It’s not foolproof though, because I always seem to find a large enough tree that reveals I must have missed it the year before. I think the main reason for this is buckthorn is not the only growth that still has leaves after the majority of the forest turns brown and barren. There is at least one other bush that confuses my hunt.
The main difference I have found is the relative color of green, as can be seen in the picture I took yesterday while Delilah and I were forging our way off-trail to dispatch every invasive we could find. The batch of leaves on the left are a buckthorn I just cut down that must have been missed the year before. The noticeably lighter green leaves on the right are the primary bush that complicates my identifying the unwelcome buckthorn.
When I look into the trees on my neighbor’s unmanaged land, there is an obvious spread of green growth, but ours holds just a fraction of that, only a few of which are the deep green buckthorn.
With this year’s quick jump to Arctic cold and several doses of early snow, the buckthorn hunting season has been shortened.

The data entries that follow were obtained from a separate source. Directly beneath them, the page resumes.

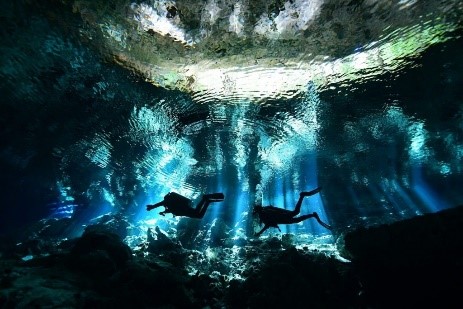 Dos Ojos Cenote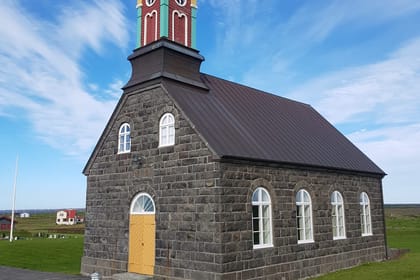 Explore the Reykjanes Peninsula UNESCO Global Geopark: Private Tour with Airport or Hotel Transfers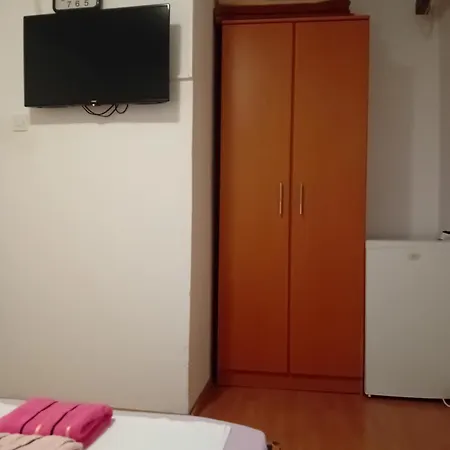 Sara * Budva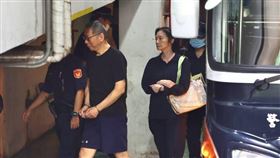 檢察官提出柯文哲親筆下紙條給彭振聲「加速京華城行政程序」，打臉柯文哲對京華城案沒指示、不知情有關。（圖／鏡週刊）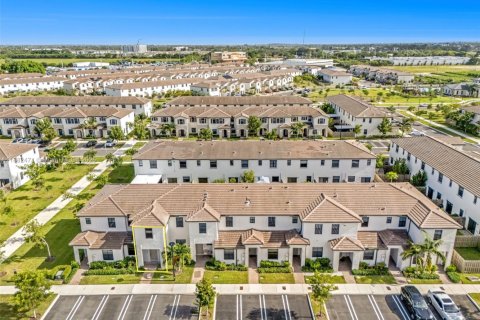 Townhouse in Homestead, Florida 3 bedrooms, 129.41 sq.m. № 1979139 - photo 2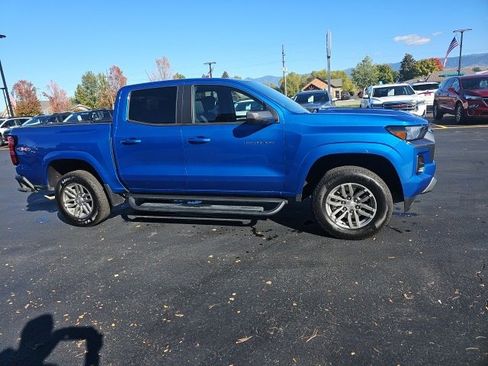 Used 2024 Chevrolet Colorado LT image 57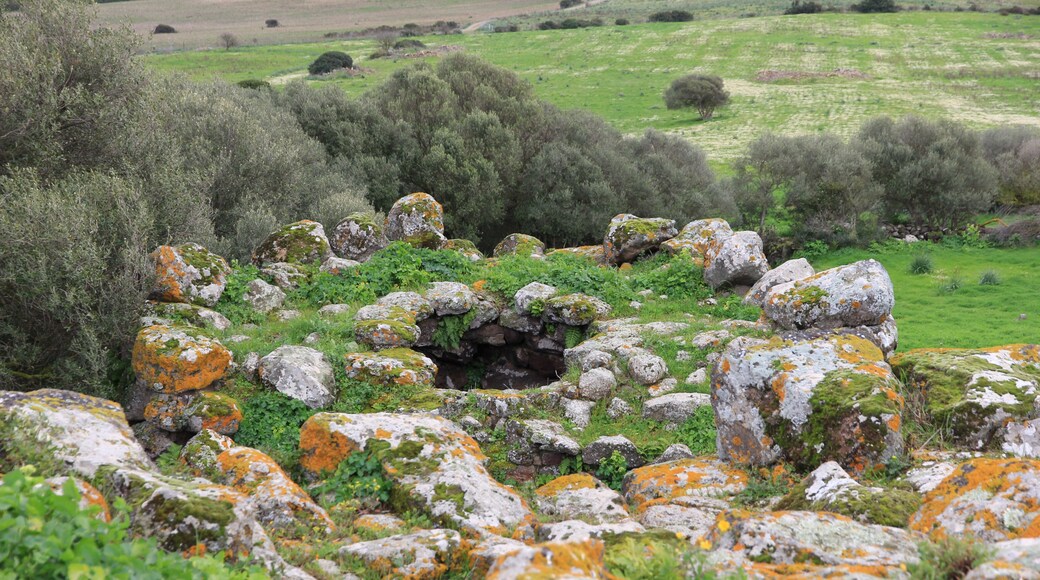 "Villanova Truschedu"-foto av Discanto (CC BY-SA) / Urklipp från original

Luckily, I had already done a first-pass through to address the sprouts of growth that are small enough to easily pull by hand before the ground started to freeze.

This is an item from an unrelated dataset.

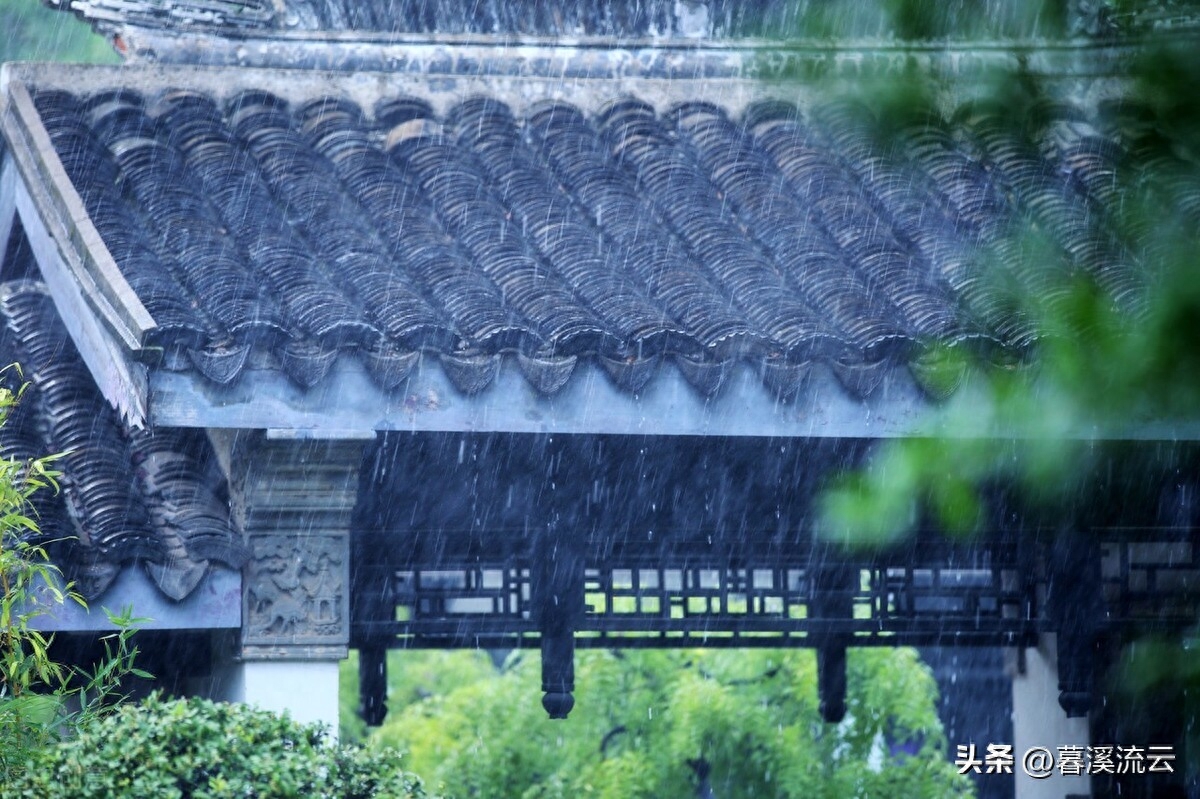 山水有时尽，师恩日月长（8首写师魂的经典诗词）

At that time, I didn’t have my hand saw with me, so I took a mental note of the larger trees I wanted to come back to cut down. When I set out to do that yesterday, I almost failed to find that tree shown in this picture. I needed to get to a place where just the right angle of view made it stand out.

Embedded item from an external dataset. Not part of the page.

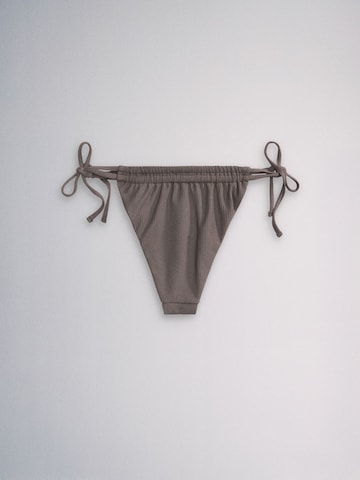 The Set Triangle Bikini in Brown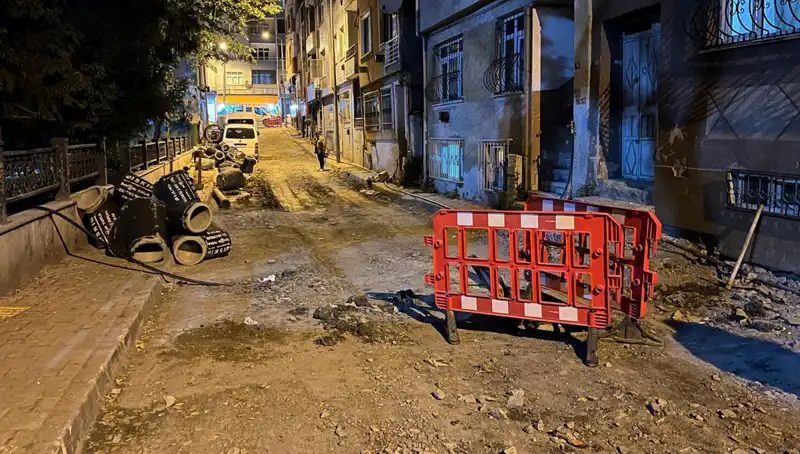 Bayrampaşa'da Rögar Kapağı Patladı, Altyapı Çalışmaları Krize Neden Oldu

Delilah loves that we need to roam into the middle of the areas we rarely visit, as she is able to find all sorts of disgusting things left behind by the wild forest animals that romp around on our land.
I’m satisfied with the progress this year and ready to consider the hunt complete. There was less growth than previous years, so our efforts are definitely paying off. The view into the adjacent property confirms it.
Our woods look distinctly more managed and that makes trekking through them for year-round forest bathing that much more rewarding.
Huzzah!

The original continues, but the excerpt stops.